A regressive tax is the one in which tax rate decreases as the amount subject to taxation increases; and the tax rate progresses from high to low. The lowest amount is subject to higher taxation and this leads to individuals with low income bear the highest burden of regressive taxes. Such tax does not take into account the ability to pay.
Indirect taxes, such as sales / service tax, are an example of regressive tax as the poor and rich pay the same tax in purchasing everyday products and services. Apart from indirect taxes, some other regressive tax examples are sin tax (tax on intoxicants such as tobacco and alcohol, which are more consumed by lower classes); toll tax (every passing vehicle of same type has to pay irrespective of income of the person travelling in that vehicle) etc.
In progressive taxation, the tax liability increases with individual or entity income. This is based on principle of “ability to pay”. Under this system, lowest income people are generally exempted while highest income people pay highest taxes. Income Tax is thus an example of progressive tax. Progressive taxation results in redistribution of income from rich to poor.
In this system, a flat tax is levied regardless of income of wealth. One example of corporation tax in India whereby government charges a flat rate of 30% on the income earned by the companies in India.
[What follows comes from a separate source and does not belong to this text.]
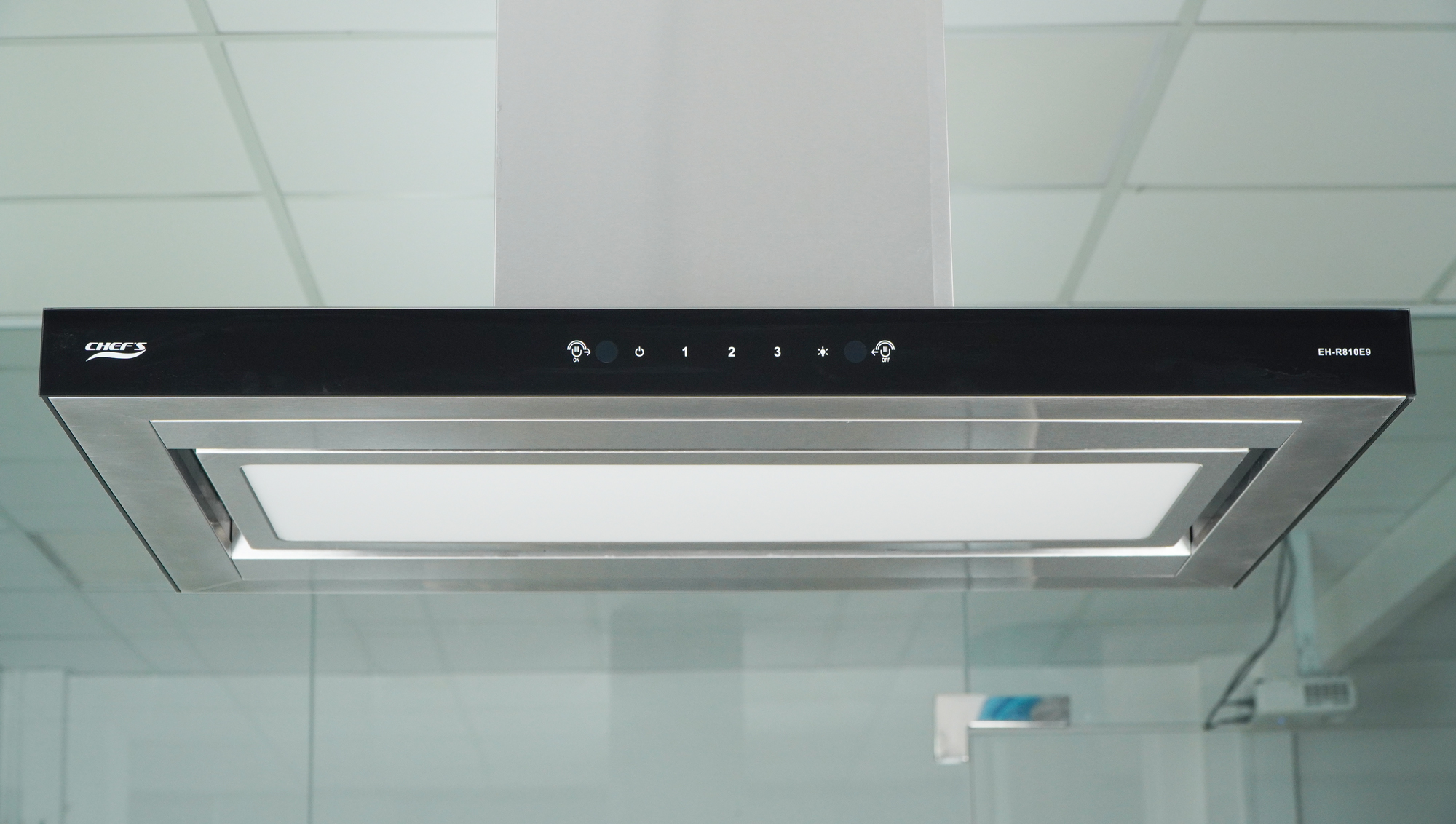Chef's Máy hút mùi đảo EH-R810E9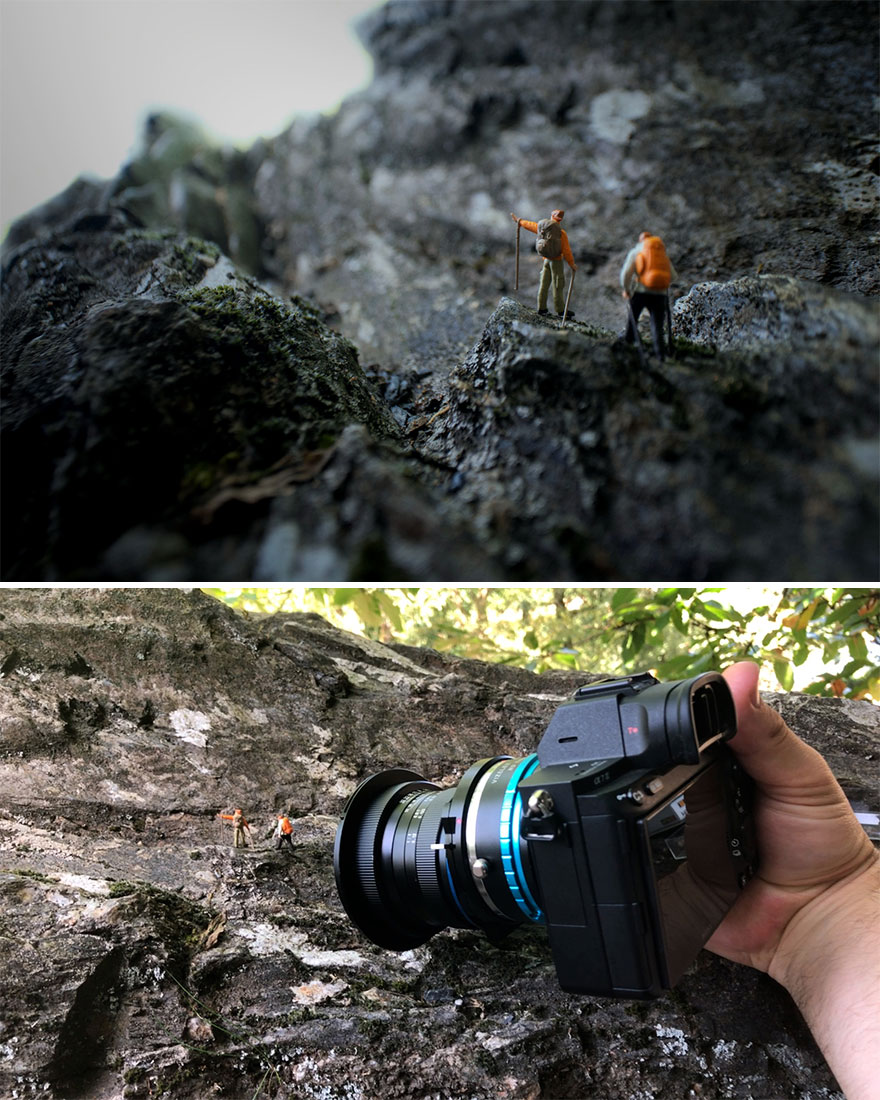 My Tutorial How To Do Miniature Figure Photography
Implications of Progressive and Regressive Taxes
Progressive Tax follows the principle of ‘ability to pay’ because they are levied on the basis of individual’s income and wealth. Since, ability to pay can be measured, the direct taxes are imposed at progressive rate whereby richer persons pay higher taxes in comparison to the poor person. A regressive tax is generally a tax that is applied uniformly and is indirect in nature. This means that it hits lower-income individuals harder. The direct taxes are easy to collect in comparison to indirect taxes because a tax payer makes his own payments. It is generally paid as large amount and sometimes involves too much personal information. Further, since there is no scientific principle of defining the degree of progression, the direct taxes are fixed arbitrarily. Direct taxes are easy to manipulate and collect in comparison to indirect taxes. Indirect taxes have wider coverage and broad base. So, the governments end up collecting more revenues as the taxes cover almost every goods. Since the indirect taxes are a part of the price of commodities; these taxes are generally not evadable. Indirect taxes inflate the price of the goods, they lead to inflation. Also, since the indirect prices are paid concealed in the price, they don’t bring on civic awareness among the taxpayers in contrast to the direct taxes.